News that UK Prime Minister May has accepted that Parliament should vote on her plan for exiting the EU stopped sterling’s headlong slide. Sterling had been pounded for roughly 8.5 cents since the start of the month including the last four sessions. The idea that parliament, where the Conservatives enjoy a slim majority, is less enthusiastic about Brexit may mean a less acrimonious divorce.
Sterling advanced sharply, like the flash crash at the end of last week, took place in thin pre-Tokyo turnover. It recovered from low below $1.21 in the North American session to reach a high just shy of the high set in the European morning yesterday near $1.2330.
Sterling’s rise failed to entice more short-covering, and instead, it was sold back toward $1.2220 in late-Asian trade. It choppily traded between $1.2230 and $1.2320 in the London morning.
May asked that Parliament not try to block Brexit or undermine her negotiations with the EU. May had faced the possibility of a UK High Court ruling that would give Parliament greater say than May had intended. In addition, a Labour motion, which may have garner backbench Tory support. It called for a “full and transparent debate on the government’s plan for leaving that EU” and Parliament scrutiny of the government’s plan before the start of formal talks.

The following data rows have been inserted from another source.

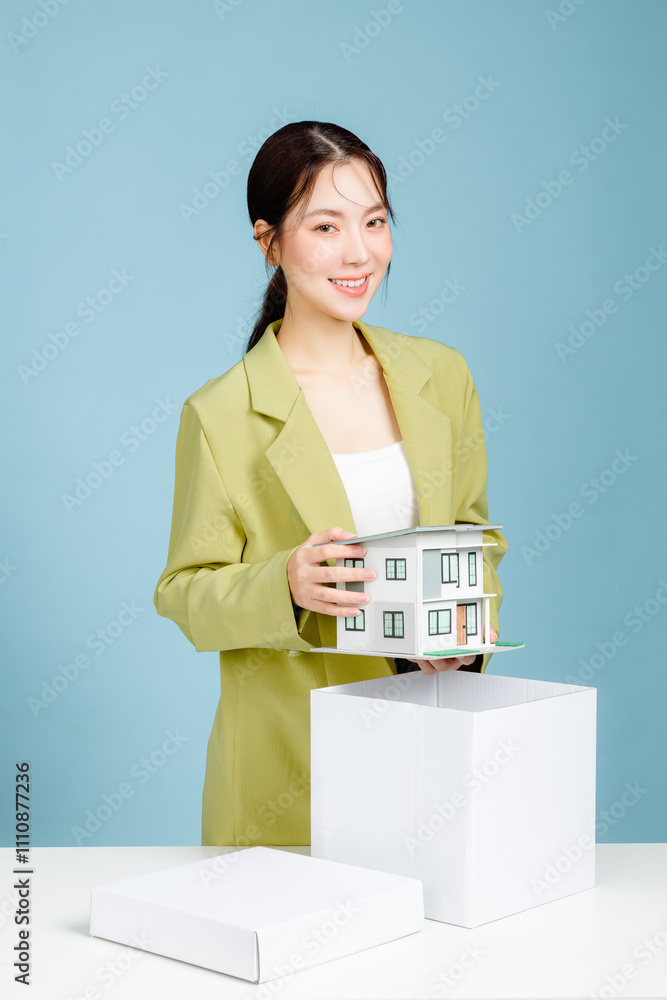 Young successful investor business woman in casual suit holding house model at white office desk with pc laptop isolated on pastel blue background studio portrait. Achievement concept Young successful investor business woman in casual suit holding house model at white office desk with pc laptop isolated on pastel blue background studio portrait. Achievement concept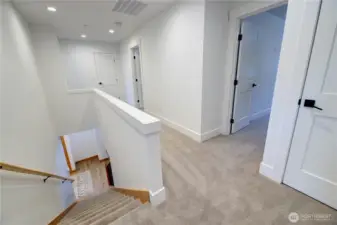 Upstairs is all carpet and white trim in both townhomes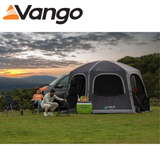 Vango Hexaway Pro Air Low Driveaway Awning set up beside a campervan, showcasing its spacious design and air beams.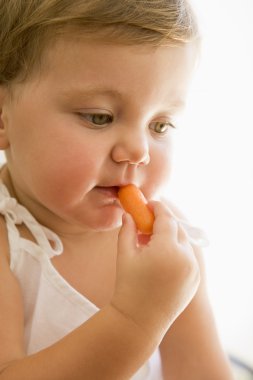 Baby indoors eating carrot. clipart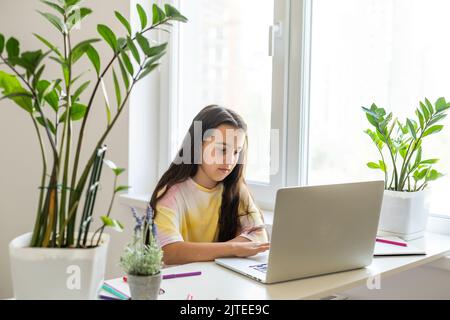 Bambina che impara l'inglese al chiuso a lezione online Foto Stock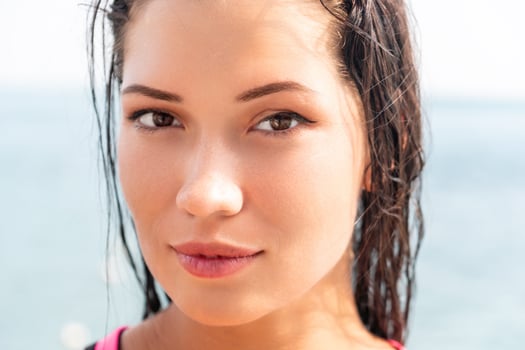 Woman sea sup. Close up portrait of beautiful young caucasian woman with black hair and freckles looking at camera and smiling. Cute woman portrait in a pink bikini posing on sup board in the sea. photo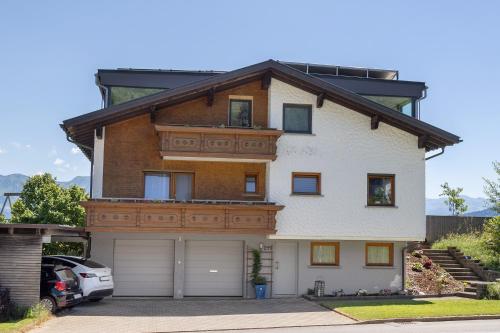 a large white house with a wooden roof at Ferienwohnung Böhler in Doren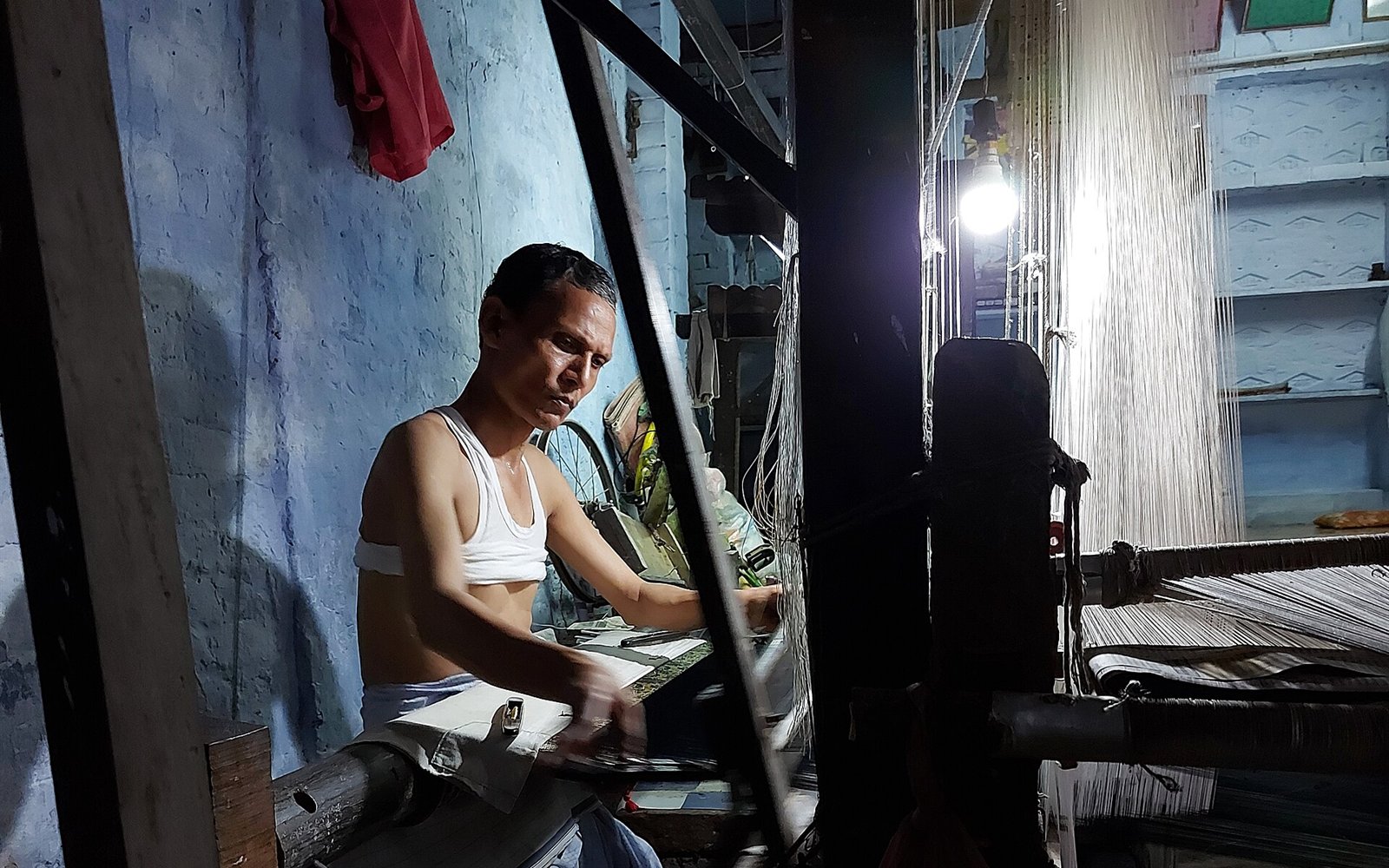 A handloom weaver in Varanasi: face, moving hand and illuminated warp show that luxury begins in the workroom, not the shop window.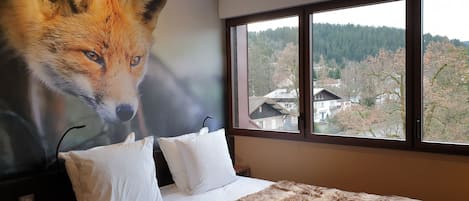 Ein Schlafzimmer mit großem Fenster, einem Bett mit weißen Kissen und einer Wandmalerei eines Fuchses.
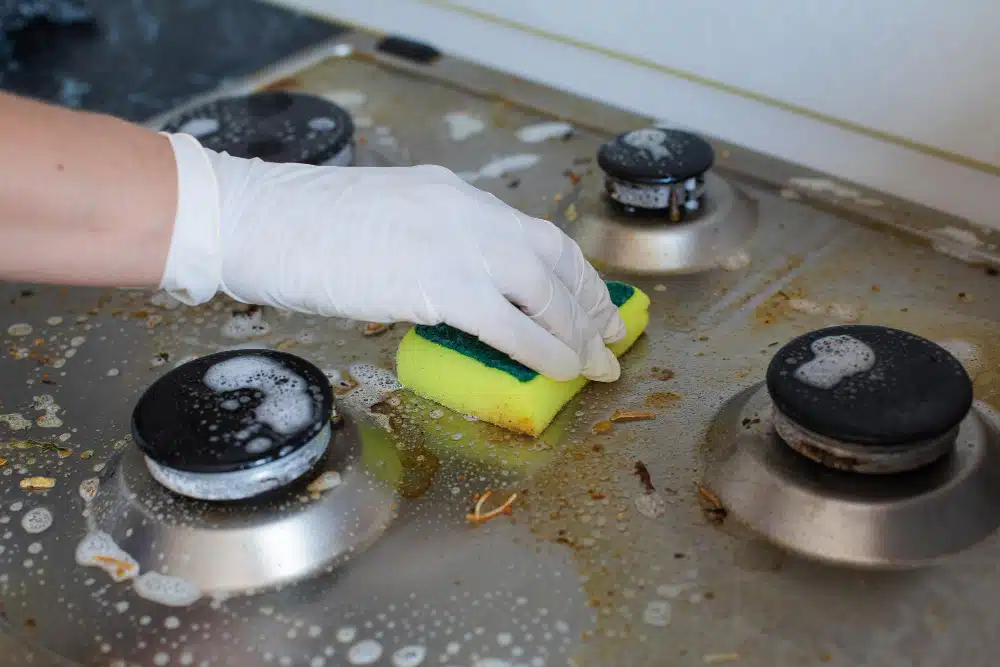A person wearing gloves is cleaning a stove in an indoor kitchen, surrounded by cookware and bakeware.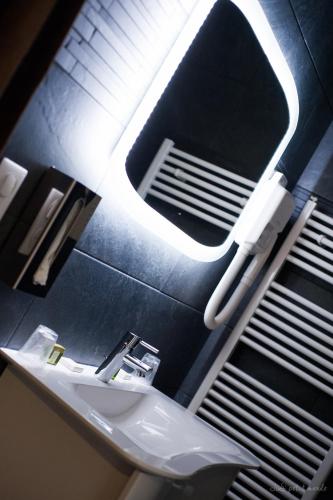 a bathroom with a sink and a mirror on the wall at Hôtel de France in Montmarault
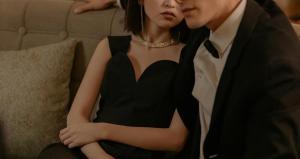 a lady in black dress wearing a diamond necklace and an handsome man sitting beside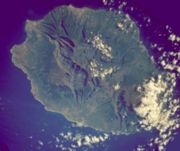 Réunion from space (NASA image). The three cirques, forming a kind of 3-leafed clover shape, are visible in the central north of the image. Piton de la Fournaise, in the south east, is covered by cloud.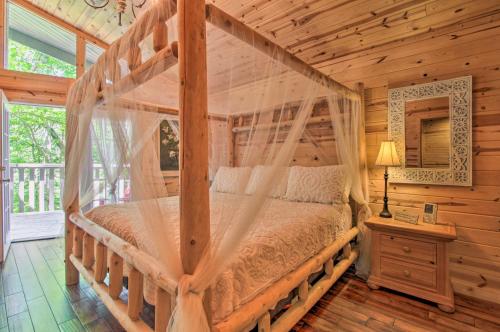 a bedroom with a canopy bed in a log cabin at Rustic Gatlinburg Chalet with Hot Tub 2 Mi to Town in Gatlinburg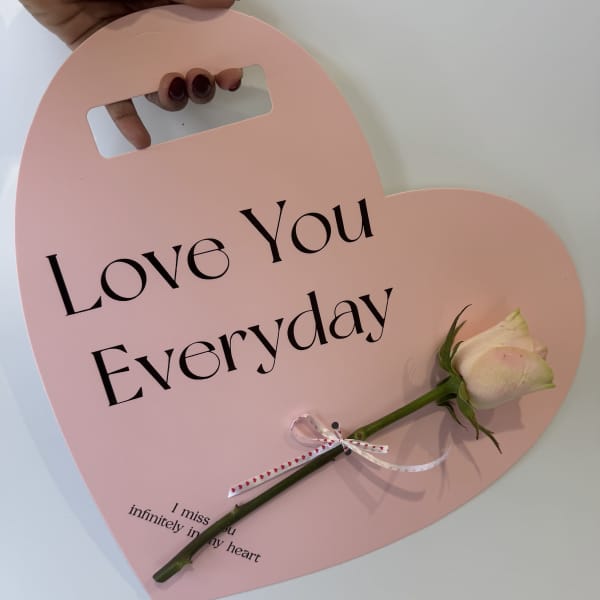 Pink heart-shaped sign with a white rose and the words Love You Everyday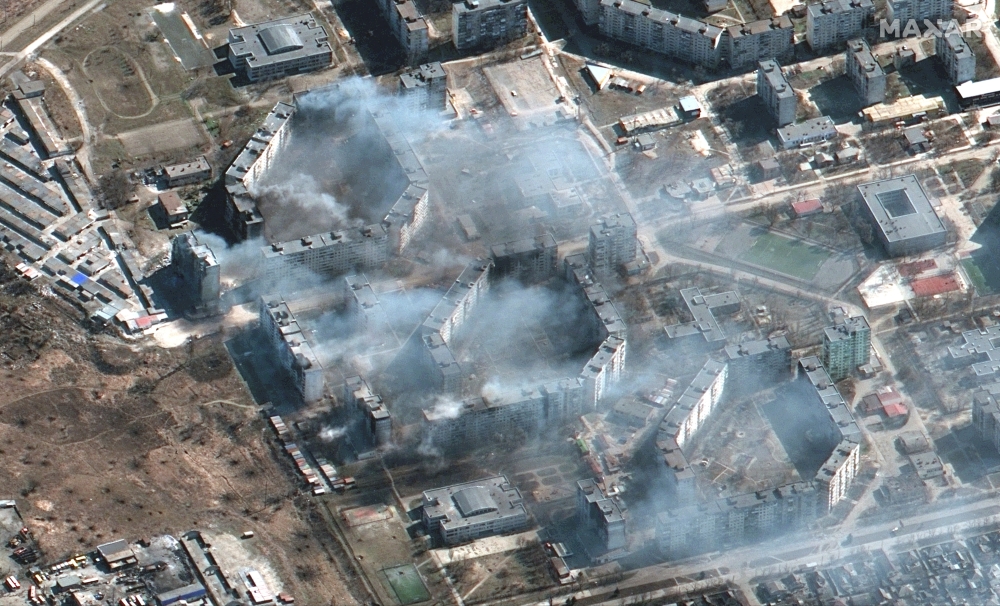 A satellite image shows burning apartment buildings in Mariupol, Ukraine, March 19, 2022. Satellite image ©2022 Maxar Technologies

Sterling bears may not be persuaded. May is still insisting that limiting immigration is more important than access to the single market. May also appears to see a post-Brexit UK in which financial services are somewhat less important for the economy, while other strategic industries flourish. Global investors seem less convinced. The UK out of the EU may be worth 80% of less than what it was when it is part of the EU.
Sterling had appeared to be a one-way bet. No one seemed to want to buy sterling. Talk of parity with the dollar and/or euro had emerged. By nearly any technical measure, sterling was stretched. Momentum was carrying the day, and the inability of sterling to recover from its flash crash, unlike most of victims of flash crashes only fueled the bearish sentiment.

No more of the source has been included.